GPGPU with OpenGL and VisualWorks -- My misinterpretations of life -- Michael Lucas-Smith

2009-02-17

We're about to enter a fairly technical discussion on how to use OpenGL to do general computing with the GPU from VisualWorks. If you're an expert with OpenGL or CUDA, this is all old hat for you, but you may find it an interesting read any way. The following discussion takes place between 9:00pm and 10:00pm (for you 24 fans out there!)

We'll be referring back to the following results many times over the course of this discussion, so here they are:

The runs column is just so you can give an error correction factor to the numbers. The vectors column describes the number of four-dimensional floating point vectors that we're going to feed through our mathematical operation. The math in question is this:

result = matrix * vector

The matrix in question is a 4x4 perspective projection matrix.

The next three columns describe three different techniques we use to do our simple math equation. The first column refers to straight Smalltalk code which uses VM primitives to do the computations. We're using a FloatArray for all three input and output buffers, so the number of objects we generate doing the floating point math with the VM is minimal compared to have millions of Float objects instantiated at the same time. For those of you who do not know - the VisualWorks VM does not tag or unbox floats, it keeps them as plain jane objects all the time, which can make for an interesting garbage collection mess at times.

The next technique is "texture" which is best described here at http://www.gpgpu.org which documents how to do it and many other interesting things people have been doing with GPUs. The technique basically involves rendering out on to a buffer that is attached as a texture, you can then download the texture in to main memory as an array of floats. You upload data by creating a texture and putting the floats in to that texture, then texture mapping it inside a fragment shader to do the math. If you didn't follow all that, don't sweat the details too much - this blog post is more about understanding the results than the fine details of how to do it. For information on how to do it, read the gpgpu website or look at Lesson05 in OpenGL-Lessons (public store).

The final technique is the new kid on the block. It's an extension for OpenGL and it is included in OpenGL 3.0, which lets you attach vertex shader outputs to a vertex buffer and skip fragment shading altogether. Instead of doing the computation using textures and the fragment shader, instead we use array buffers and the vertex shader. The draw back is that very few graphics cards support EXT_transform_buffer yet. The results in this case come from Apple's software renderer, so the run entirely on the CPU, not on the GPU.

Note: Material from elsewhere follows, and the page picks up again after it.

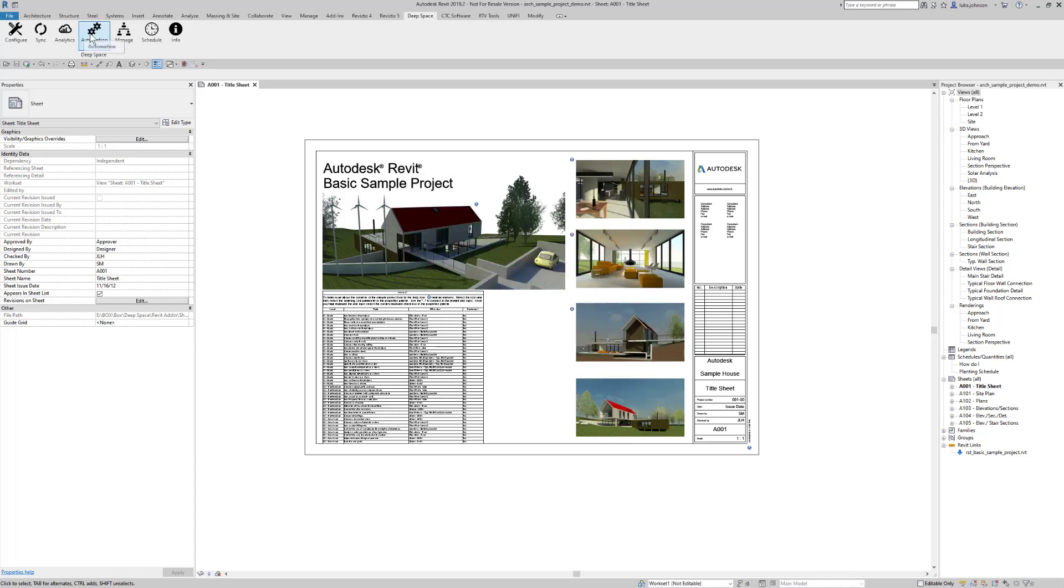If we click on Automation it will also put us onto our website where we can download various automation scripts.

The numbers against the three techniques are broken up between time to compute and time to transfer the data back to Smalltalk memory. We can see from the VM column that the time to compute doubles every time we double the number of vectors. The time to transfer is 0ms because all the data is already in Smalltalk memory. It is worth noting here that if we didn't use FloatArray for this, the time to compute grows exponentially as more and more garbage is generated. The time to compute is semi-respectable so long as we stay under 64 vectors. After that, the time doubling really starts to be something that could cramp your style if you're trying to achieve a steady 60fps in a real time rendering engine (eg: a game).

Next, let's analyse the transform feedback numbers. These are important, because they're also running on the CPU, but they're not doing it with the VM primitives. They're doing it with GPU simulation code written in C and optimized by people with too much time on their hands. The numbers we see in this column are fairly representative of how fast floating point operations could go if our VM tagged floats or had a way to box/unbox them around the math loop. The time to transfer data is negligible because it's just doing a data copy from main memory to main memory. We see that it also has the same doubling effect as the VM, except at a reduced magnitude. This doubling effect kicks in at around 16384 vectors. Up until that point, we hit a solid unshakeable 1ms to do any math at all, which is sort of unreasonable in its own way.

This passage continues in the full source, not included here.